Diop menyatakan, ada dua faktor yang melatarbelakangi pandangan Bank Dunia tentang pelonggaran kebijakan moneter yang tampaknya akan berjalan secara bertahap.
Faktor pertama adalah terdapat risiko inflasi Indeks Harga Konsumen (IHK) yang lebih tinggi dibandingkan perkiraan.
Risiko infasi tersebut, ujar Diop, terjadi lantaran harga bahan pangan dalam negeri masih tetap bergejolak.
Sebagian juga disebabkan penundaan panen yang terkait dengan El Nino.

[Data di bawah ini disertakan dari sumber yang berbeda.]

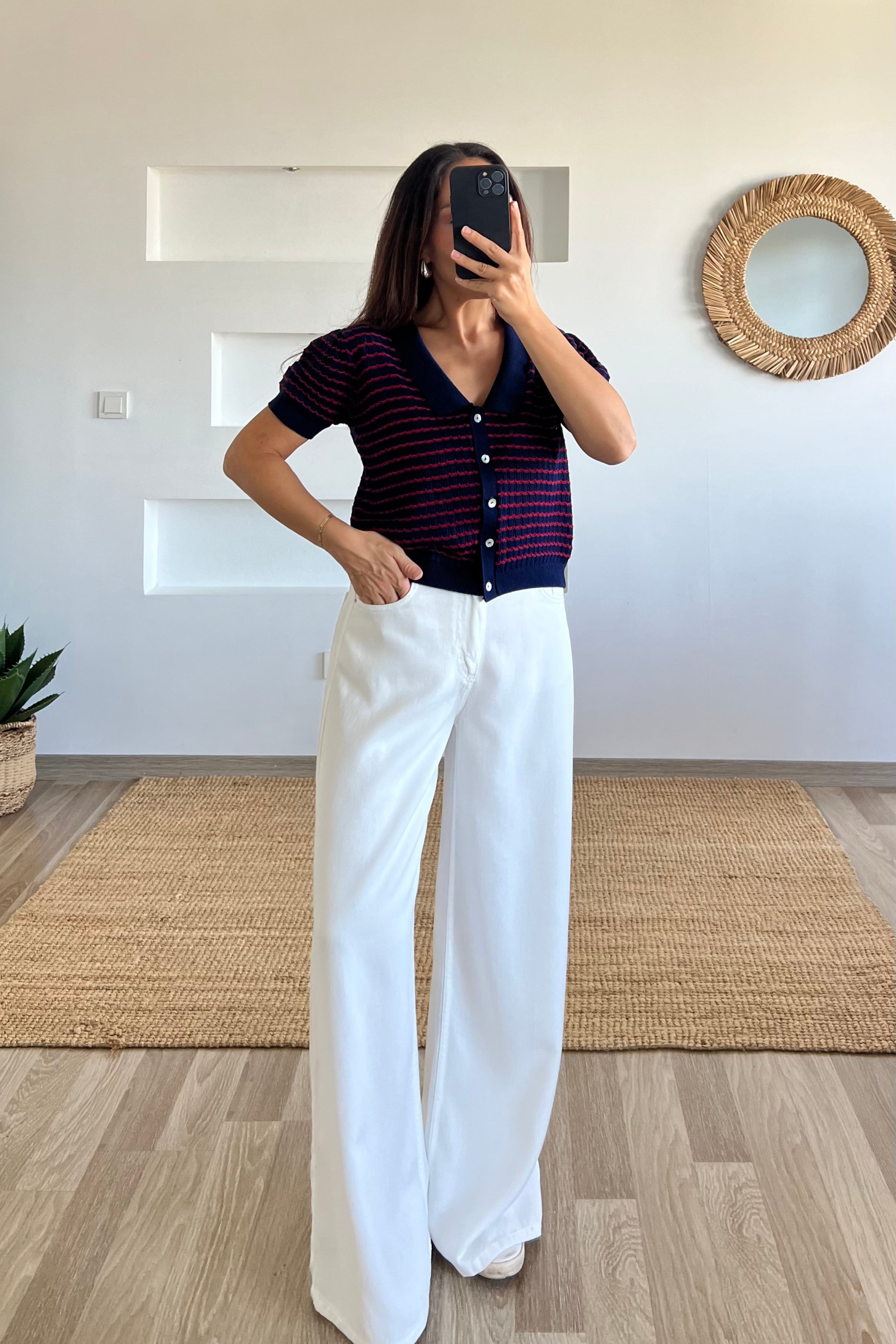 Lacivert Kısa Kol İnce Triko Hırka uygun fiyatlarda www.butikhola.com adresinde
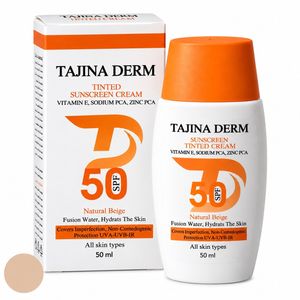 کرم ضد آفتاب رنگی صورت تاجینادرم SPF 50 مدل NATURAL BEIGE محافظ UVA/UVB مناسب برای انواع پوست حجم 50 میلی‌لیتر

"Kedua, BI diperkirakan akan tetap memperhatikan stabilitas rupiah di tengah terus berlanjutnya volatilitas pasar keuangan dunia," terang Diop.
Terkait apresiasi rupiah, Bank Dunia mencatat, hal ini disebabkan kenaikan aliran masuk modal ke obligasi pemerintah sejak bulan November 2015.
Adapun inflasi IHK sebesar 4,4 persen secara year on year pada bulan Februari diperkirakan akan sejalan dengan sasaran BI untuk tahun 2016.